(image-classification)=

# Image Classification

[![Open In Colab](https://colab.research.google.com/assets/colab-badge.svg)](https://colab.research.google.com/github/lightly-ai/lightly-train/blob/main/examples/notebooks/image_classification.ipynb)

```{note}
LightlyTrain supports training image classification models using any backbone. Both multiclass and multilabel classification are supported.
```

(image-classification-train)=

## Train an Image Classification Model

Training an image classification model with LightlyTrain is straightforward and only
requires a few lines of code. See [data](#image-classification-data) for more details on
how to prepare your dataset.

(image-classification-multiclass-train)=

### Multiclass Classification

In multiclass classification, each image is assigned to exactly one class.
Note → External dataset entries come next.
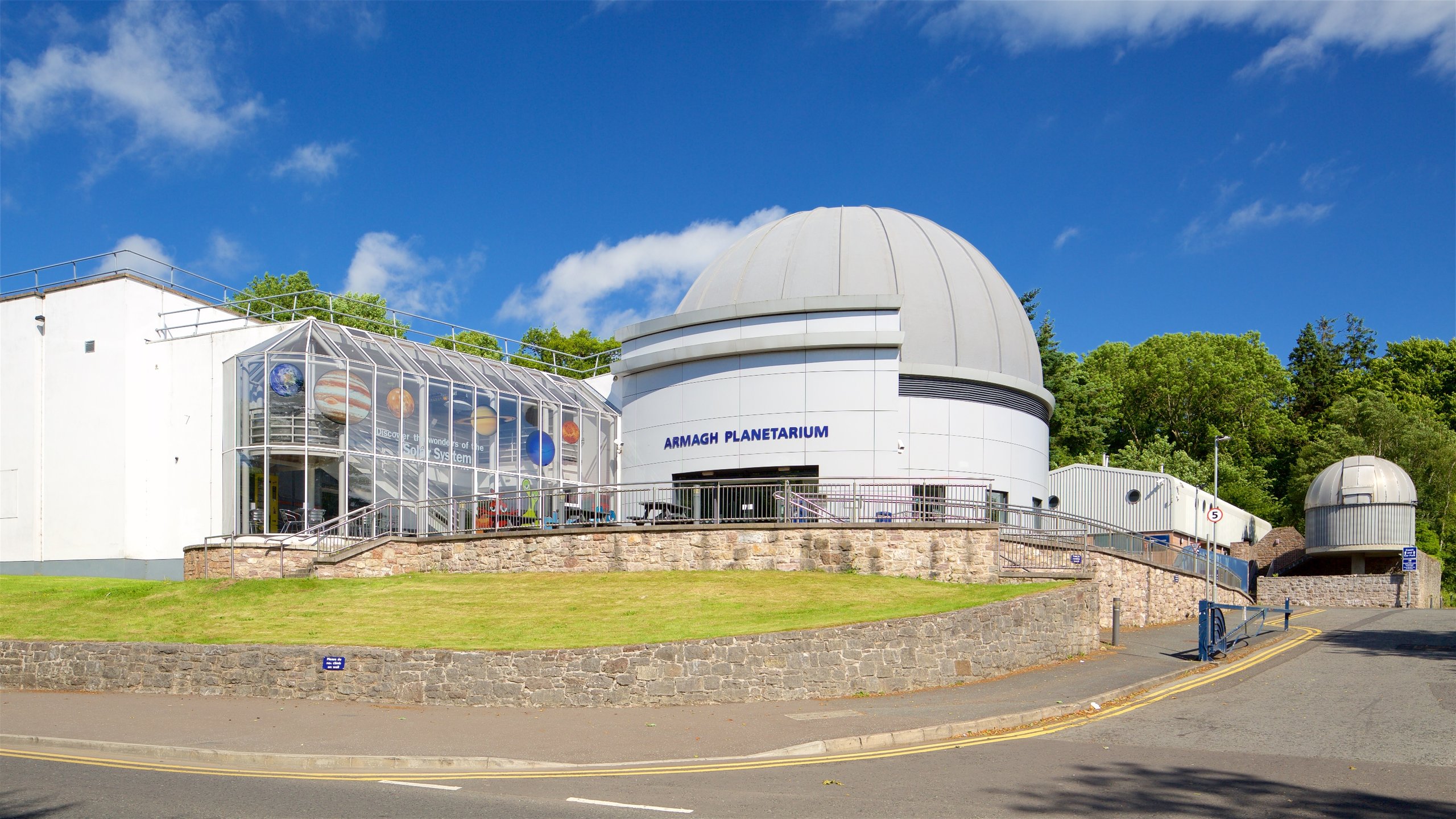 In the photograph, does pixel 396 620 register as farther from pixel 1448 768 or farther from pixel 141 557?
pixel 1448 768

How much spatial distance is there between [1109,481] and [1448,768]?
36.1 m

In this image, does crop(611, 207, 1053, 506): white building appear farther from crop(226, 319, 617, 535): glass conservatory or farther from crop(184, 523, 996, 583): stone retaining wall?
crop(184, 523, 996, 583): stone retaining wall

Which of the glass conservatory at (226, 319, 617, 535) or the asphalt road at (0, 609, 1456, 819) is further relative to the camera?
the glass conservatory at (226, 319, 617, 535)

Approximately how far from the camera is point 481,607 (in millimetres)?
20797

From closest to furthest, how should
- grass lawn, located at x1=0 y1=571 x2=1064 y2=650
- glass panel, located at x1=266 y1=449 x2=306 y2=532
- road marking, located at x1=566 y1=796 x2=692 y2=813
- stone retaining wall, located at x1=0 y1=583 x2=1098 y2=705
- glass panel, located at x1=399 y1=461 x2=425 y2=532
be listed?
road marking, located at x1=566 y1=796 x2=692 y2=813 → stone retaining wall, located at x1=0 y1=583 x2=1098 y2=705 → grass lawn, located at x1=0 y1=571 x2=1064 y2=650 → glass panel, located at x1=266 y1=449 x2=306 y2=532 → glass panel, located at x1=399 y1=461 x2=425 y2=532

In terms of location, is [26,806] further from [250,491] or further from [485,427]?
[485,427]

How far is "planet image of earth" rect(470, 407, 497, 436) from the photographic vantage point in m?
32.3

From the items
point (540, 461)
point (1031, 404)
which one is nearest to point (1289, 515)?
point (1031, 404)

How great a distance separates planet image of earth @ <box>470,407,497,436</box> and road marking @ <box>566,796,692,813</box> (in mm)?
23582

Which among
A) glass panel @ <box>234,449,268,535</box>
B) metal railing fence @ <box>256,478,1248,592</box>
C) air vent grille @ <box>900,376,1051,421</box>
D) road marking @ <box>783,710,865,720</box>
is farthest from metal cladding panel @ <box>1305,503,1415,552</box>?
glass panel @ <box>234,449,268,535</box>

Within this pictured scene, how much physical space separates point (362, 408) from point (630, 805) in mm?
22034

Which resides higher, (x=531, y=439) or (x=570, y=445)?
(x=531, y=439)

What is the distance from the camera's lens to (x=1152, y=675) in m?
17.8

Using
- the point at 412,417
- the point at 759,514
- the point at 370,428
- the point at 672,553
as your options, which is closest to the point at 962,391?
the point at 759,514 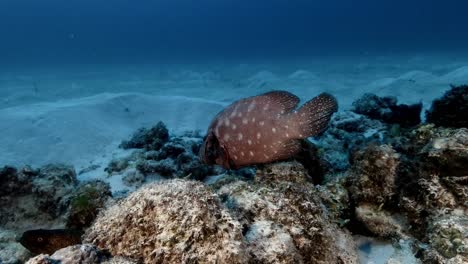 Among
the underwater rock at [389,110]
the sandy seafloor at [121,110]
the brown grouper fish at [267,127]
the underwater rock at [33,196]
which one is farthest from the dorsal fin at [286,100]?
the underwater rock at [389,110]

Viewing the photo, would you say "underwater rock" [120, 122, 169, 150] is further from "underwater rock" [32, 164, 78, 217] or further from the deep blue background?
the deep blue background

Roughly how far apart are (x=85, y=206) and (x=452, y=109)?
233 inches

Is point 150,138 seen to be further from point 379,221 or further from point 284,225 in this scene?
point 284,225

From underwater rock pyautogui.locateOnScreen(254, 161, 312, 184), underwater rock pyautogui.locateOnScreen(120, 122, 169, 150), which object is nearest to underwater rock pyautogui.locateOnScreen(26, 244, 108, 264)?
underwater rock pyautogui.locateOnScreen(254, 161, 312, 184)

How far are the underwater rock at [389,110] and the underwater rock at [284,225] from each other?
19.7ft

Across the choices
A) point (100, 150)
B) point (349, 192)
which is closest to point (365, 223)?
point (349, 192)

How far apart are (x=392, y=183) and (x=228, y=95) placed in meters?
14.3

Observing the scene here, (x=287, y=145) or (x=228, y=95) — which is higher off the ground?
(x=287, y=145)

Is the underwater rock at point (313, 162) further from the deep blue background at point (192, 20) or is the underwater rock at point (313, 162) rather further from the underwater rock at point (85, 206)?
the deep blue background at point (192, 20)

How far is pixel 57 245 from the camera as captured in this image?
303 centimetres

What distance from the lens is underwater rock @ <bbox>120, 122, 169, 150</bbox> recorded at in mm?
7461

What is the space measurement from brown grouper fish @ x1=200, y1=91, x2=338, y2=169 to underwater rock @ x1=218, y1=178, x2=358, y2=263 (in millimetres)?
1087

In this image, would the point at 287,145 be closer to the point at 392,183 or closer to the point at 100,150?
the point at 392,183

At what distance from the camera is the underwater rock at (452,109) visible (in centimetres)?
568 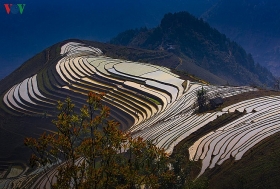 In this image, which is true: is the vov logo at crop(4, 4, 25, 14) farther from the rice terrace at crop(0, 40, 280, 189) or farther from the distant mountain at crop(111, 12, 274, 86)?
the distant mountain at crop(111, 12, 274, 86)

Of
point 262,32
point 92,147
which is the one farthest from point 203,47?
point 92,147

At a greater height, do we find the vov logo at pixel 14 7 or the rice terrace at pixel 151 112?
the vov logo at pixel 14 7

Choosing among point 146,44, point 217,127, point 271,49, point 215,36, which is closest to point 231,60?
point 215,36

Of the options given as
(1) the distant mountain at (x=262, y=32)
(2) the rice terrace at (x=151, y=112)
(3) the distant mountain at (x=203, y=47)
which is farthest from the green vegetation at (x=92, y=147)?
(1) the distant mountain at (x=262, y=32)

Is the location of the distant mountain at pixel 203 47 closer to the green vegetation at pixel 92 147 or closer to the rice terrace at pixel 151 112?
the rice terrace at pixel 151 112

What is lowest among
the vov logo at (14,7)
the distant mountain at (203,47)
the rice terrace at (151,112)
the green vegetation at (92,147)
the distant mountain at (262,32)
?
the green vegetation at (92,147)

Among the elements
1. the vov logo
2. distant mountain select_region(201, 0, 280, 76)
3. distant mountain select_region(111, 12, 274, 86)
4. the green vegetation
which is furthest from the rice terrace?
distant mountain select_region(201, 0, 280, 76) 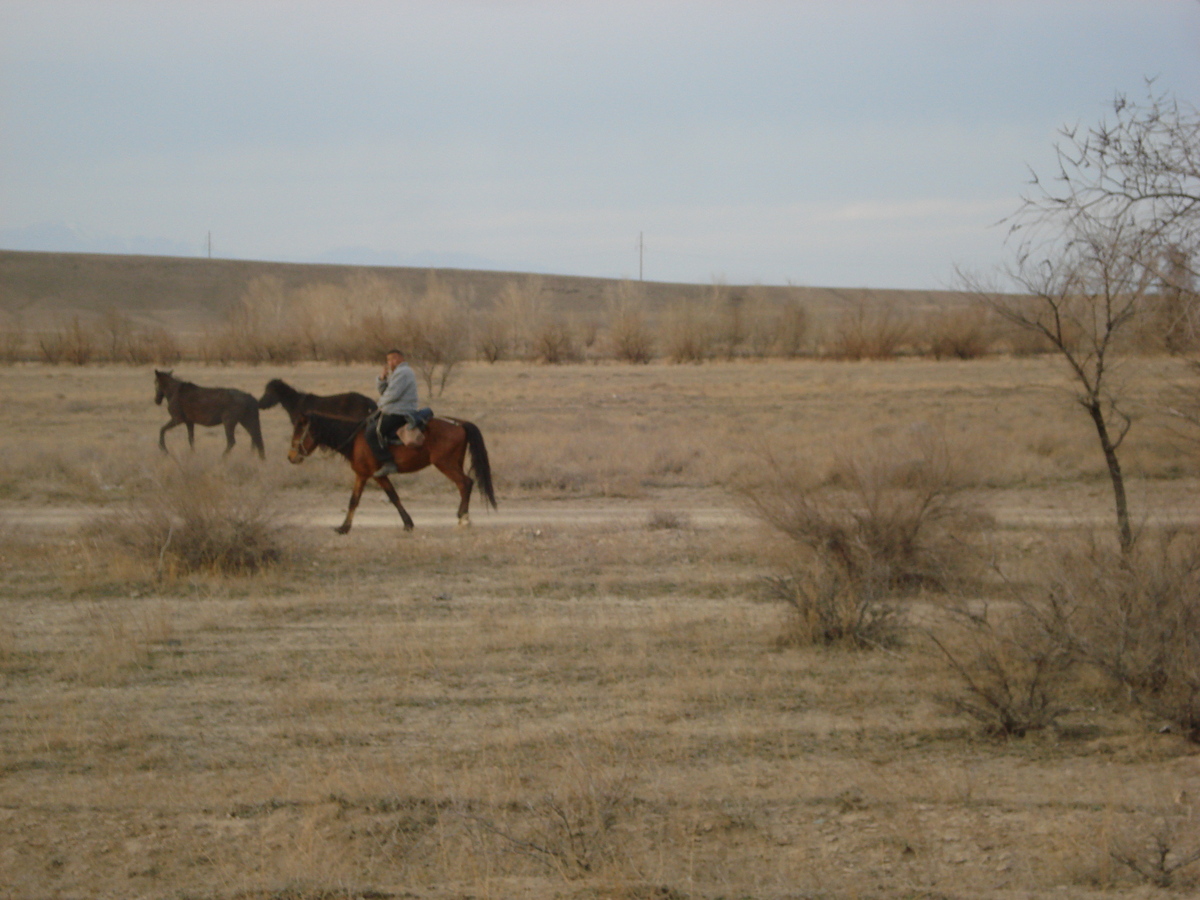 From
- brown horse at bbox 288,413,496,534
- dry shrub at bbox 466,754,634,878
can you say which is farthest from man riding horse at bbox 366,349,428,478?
dry shrub at bbox 466,754,634,878

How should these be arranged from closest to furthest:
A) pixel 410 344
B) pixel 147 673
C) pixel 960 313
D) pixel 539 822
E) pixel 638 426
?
pixel 539 822
pixel 147 673
pixel 638 426
pixel 410 344
pixel 960 313

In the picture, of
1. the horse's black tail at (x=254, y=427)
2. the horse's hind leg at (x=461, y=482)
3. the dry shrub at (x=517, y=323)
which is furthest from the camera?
the dry shrub at (x=517, y=323)

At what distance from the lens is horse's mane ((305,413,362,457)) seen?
11969mm

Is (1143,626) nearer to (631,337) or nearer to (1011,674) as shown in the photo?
(1011,674)

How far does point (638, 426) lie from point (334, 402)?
550 inches

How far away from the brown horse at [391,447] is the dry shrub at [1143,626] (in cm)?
708

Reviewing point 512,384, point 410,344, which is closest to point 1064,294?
point 512,384

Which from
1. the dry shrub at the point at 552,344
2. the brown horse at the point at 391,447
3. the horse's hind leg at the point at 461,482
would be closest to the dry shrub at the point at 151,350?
the dry shrub at the point at 552,344

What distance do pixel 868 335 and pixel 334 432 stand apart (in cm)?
5501

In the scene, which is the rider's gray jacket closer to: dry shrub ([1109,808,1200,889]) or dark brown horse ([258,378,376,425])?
dark brown horse ([258,378,376,425])

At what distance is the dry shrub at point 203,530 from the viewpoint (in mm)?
10125

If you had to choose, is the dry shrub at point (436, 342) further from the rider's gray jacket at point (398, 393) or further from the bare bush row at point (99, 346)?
the rider's gray jacket at point (398, 393)

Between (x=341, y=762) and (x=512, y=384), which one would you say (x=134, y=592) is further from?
(x=512, y=384)

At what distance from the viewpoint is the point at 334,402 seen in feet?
40.2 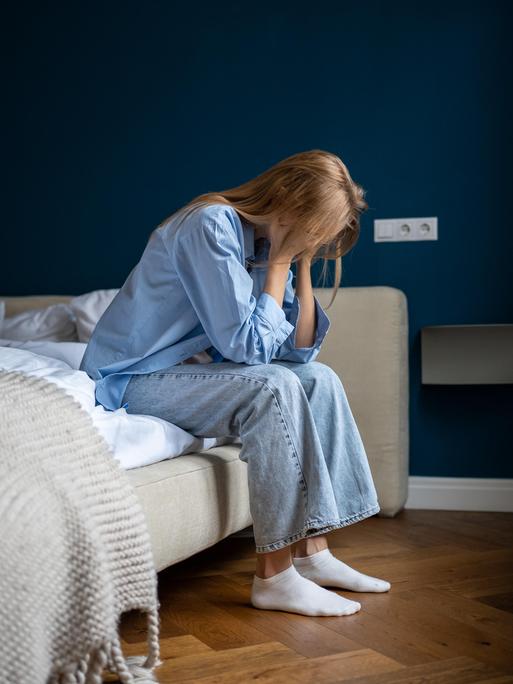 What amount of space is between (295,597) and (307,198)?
2.68 feet

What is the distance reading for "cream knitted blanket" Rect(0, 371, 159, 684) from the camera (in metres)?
1.13

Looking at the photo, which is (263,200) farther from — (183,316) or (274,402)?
(274,402)

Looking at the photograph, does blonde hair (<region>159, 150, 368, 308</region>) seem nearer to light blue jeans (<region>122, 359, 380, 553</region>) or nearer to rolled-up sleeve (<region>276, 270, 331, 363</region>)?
rolled-up sleeve (<region>276, 270, 331, 363</region>)

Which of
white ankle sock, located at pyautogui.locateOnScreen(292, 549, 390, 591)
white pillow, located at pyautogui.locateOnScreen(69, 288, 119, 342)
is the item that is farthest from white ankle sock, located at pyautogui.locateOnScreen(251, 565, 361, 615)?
white pillow, located at pyautogui.locateOnScreen(69, 288, 119, 342)

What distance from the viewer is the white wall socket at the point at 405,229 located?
3057mm

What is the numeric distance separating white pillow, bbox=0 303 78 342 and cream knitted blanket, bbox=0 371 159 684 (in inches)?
56.0

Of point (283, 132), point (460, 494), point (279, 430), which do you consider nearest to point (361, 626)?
point (279, 430)

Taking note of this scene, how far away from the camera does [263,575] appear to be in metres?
1.77

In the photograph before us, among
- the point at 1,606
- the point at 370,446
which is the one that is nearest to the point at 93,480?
the point at 1,606

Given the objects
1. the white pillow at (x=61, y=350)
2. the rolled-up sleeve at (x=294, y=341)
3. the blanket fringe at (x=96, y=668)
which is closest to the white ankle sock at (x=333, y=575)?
the rolled-up sleeve at (x=294, y=341)

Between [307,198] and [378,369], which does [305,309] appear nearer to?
[307,198]

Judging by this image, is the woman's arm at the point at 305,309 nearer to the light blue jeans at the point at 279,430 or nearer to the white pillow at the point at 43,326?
the light blue jeans at the point at 279,430

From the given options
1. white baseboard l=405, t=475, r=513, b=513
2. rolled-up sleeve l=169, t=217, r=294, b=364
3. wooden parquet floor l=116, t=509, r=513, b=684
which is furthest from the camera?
white baseboard l=405, t=475, r=513, b=513

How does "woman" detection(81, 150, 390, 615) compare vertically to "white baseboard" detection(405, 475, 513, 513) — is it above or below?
above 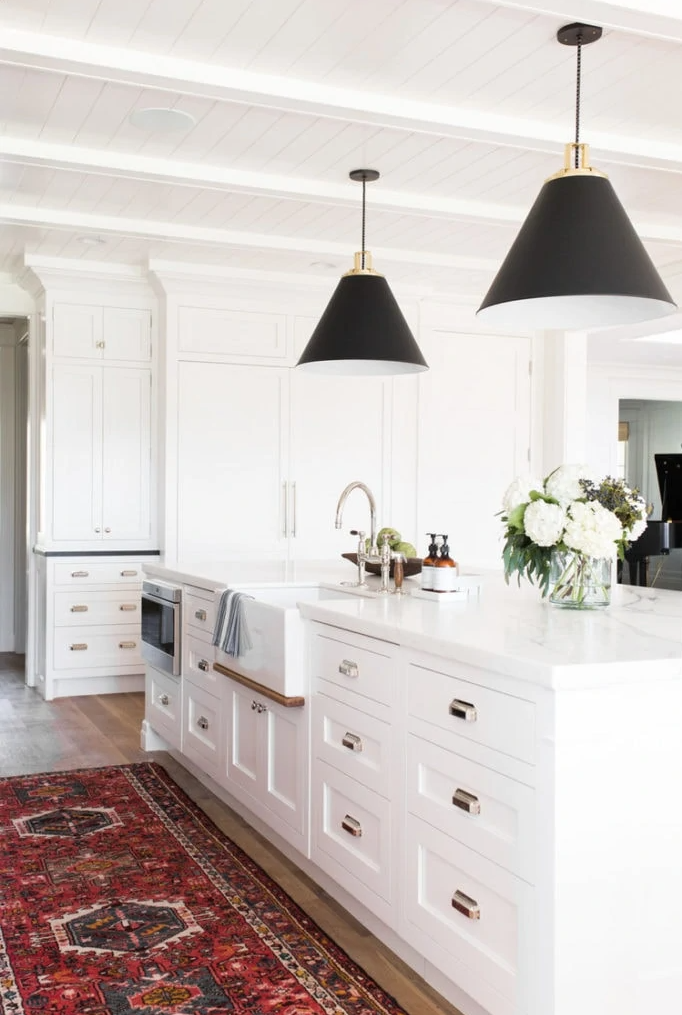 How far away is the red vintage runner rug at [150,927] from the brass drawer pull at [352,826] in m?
0.29

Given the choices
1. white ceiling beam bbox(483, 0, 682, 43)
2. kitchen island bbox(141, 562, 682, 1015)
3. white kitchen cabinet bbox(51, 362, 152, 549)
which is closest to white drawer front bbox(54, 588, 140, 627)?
white kitchen cabinet bbox(51, 362, 152, 549)

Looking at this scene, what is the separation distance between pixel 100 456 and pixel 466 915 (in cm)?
436

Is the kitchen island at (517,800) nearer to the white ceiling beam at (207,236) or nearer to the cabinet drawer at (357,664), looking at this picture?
→ the cabinet drawer at (357,664)

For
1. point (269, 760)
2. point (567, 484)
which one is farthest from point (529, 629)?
point (269, 760)

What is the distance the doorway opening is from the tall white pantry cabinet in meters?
1.38

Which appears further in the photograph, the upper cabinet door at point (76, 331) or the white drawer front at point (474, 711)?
the upper cabinet door at point (76, 331)

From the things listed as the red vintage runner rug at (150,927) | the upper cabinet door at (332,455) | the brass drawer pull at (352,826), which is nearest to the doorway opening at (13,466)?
the upper cabinet door at (332,455)

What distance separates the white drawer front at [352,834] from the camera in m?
2.33

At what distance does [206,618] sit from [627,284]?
2026 millimetres

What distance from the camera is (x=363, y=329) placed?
3359 mm

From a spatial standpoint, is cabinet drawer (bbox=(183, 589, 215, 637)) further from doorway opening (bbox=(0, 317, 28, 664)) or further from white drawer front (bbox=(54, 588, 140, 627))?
doorway opening (bbox=(0, 317, 28, 664))

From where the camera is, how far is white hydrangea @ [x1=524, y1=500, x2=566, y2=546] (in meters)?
2.46

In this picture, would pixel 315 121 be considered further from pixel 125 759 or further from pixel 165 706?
pixel 125 759

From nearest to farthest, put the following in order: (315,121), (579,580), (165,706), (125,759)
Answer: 1. (579,580)
2. (315,121)
3. (165,706)
4. (125,759) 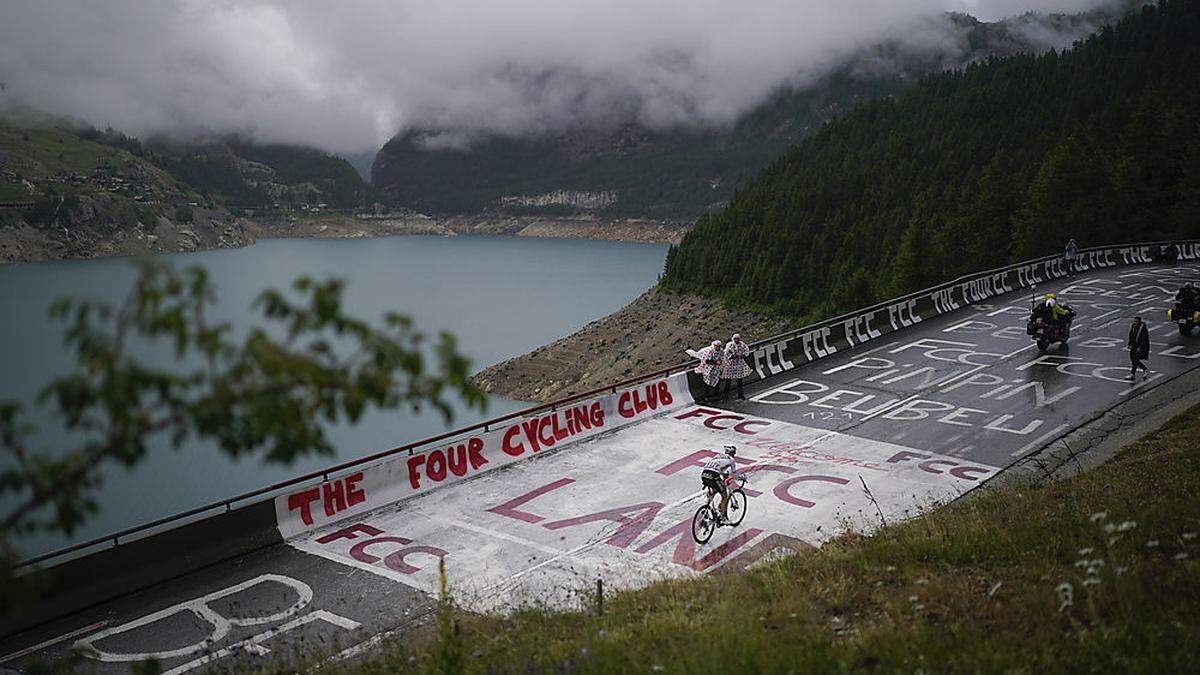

This is the
default mode and does not need to be specified explicitly.

```python
import lightly_train

if __name__ == "__main__":
    lightly_train.train_image_classification(
        out="out/my_experiment",
        model="dinov3/vitt16",
        data={
            "train": "my_data_dir/train/",
            "val": "my_data_dir/val/",
            "classes": {
                0: "cat",
                1: "car",
                2: "dog",
                # ...
            },
        },
    )
```

During training, both the

- best (with highest validation top-1 accuracy) and
- last (last validation round as determined by
  `save_checkpoint_args.save_every_num_steps`)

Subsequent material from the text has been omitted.